Do you have a patio door? There are dog door inserts you can put in. Put a smaller kennel on the outside and put down something easy to clean up.

I know a lady that cannot always get her dog outside because of health reasons. She has a huge turf potty pad in the attached garage. It is the raises kind with drainage and everything. I don't remember if she taught her dog to open/close the door or if she put a dog door in to the garage.

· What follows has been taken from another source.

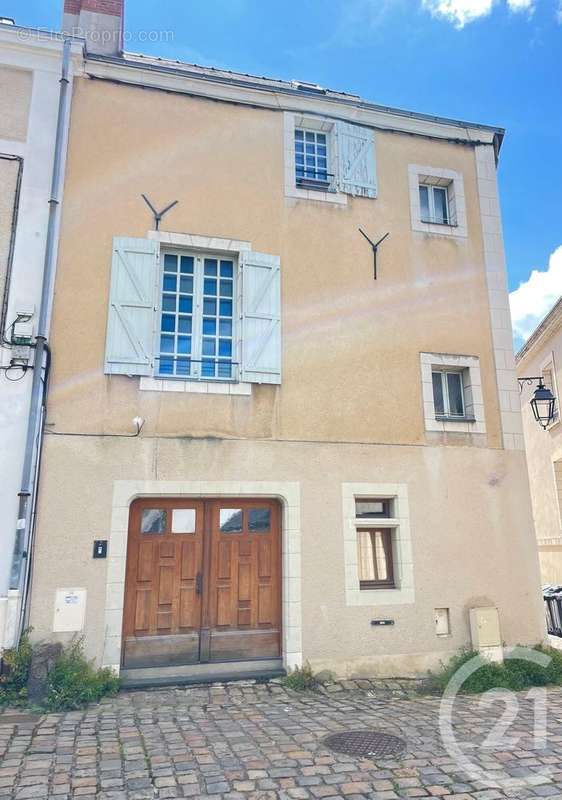 Maison à ANGERS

Are either of these options for you?


----------



## Dog catcher (May 27, 2012)

My mother had a mpoo named Sam. I took care of him for an extended period of time. One day I was at a friends house and we decided to put Sam in his fenced back yard with his mongrel while we went fishing. The back yard had a six foot fence but it proved little problem for Sam. He simply jumped up as far as he could and then climbed the rest of the way to the top and jumped over. Spend the money on day care, poodles are high maintenance dogs, just no way to get around that fact.


----------



## lily cd re (Jul 23, 2012)

My dogs hate being outside without us. I also don't like the idea that they could annoy someone by barking and then have that person toss yummy arsenic burgers over the fence. Someone in my area poisoned a bunch of cats about two years ago.

We keep our yard locked when we aren't home because we have a pool, but I would still worry about someone stealing my dogs. 

We have an insured/bonded pet sitting service that we have an on-call account with. Our primary pet sitter lives very close by. She keeps our key and will go to our house if we are detained longer than we want the dogs to have to wait to be let out.


----------



## Kloliver (Jan 17, 2012)

*Most expensive doghouse EVAH*

I'll share a funny story.

My husbands ex really wanted a lovely dog enclosure for their 2 Spoos at that time. She didn't want to purchase an "ugly" pre-fab (I mostly agree) & generally overpriced doghouse. Soooooo.... it was custom built ($~1000), matches our home & fits 2 standards. It's fenced in, is in the shade most of the day, sheltered by a heated outbuilding on one side & large evergreens on another. It's truly gorgeous. It also has power because she provided heated dog beds.... which the dogs promptly shredded ($400.) The total cost was probably around $2500 & you know what- the Spoos hated being away from them so much that the neighbours complained about the noise &, now, Rango won't willingly walk into it to save his life ound: He has the constitution of a camel so I don't force the issue because I don't have to.

In short- poodles want to be with the pack


----------



## lily cd re (Jul 23, 2012)

Too funny. Sounds to me like that is part of why she is ex (hahaha).


----------



## Kloliver (Jan 17, 2012)

lily cd re said:


> Too funny. Sounds to me like that is part of why she is ex (hahaha).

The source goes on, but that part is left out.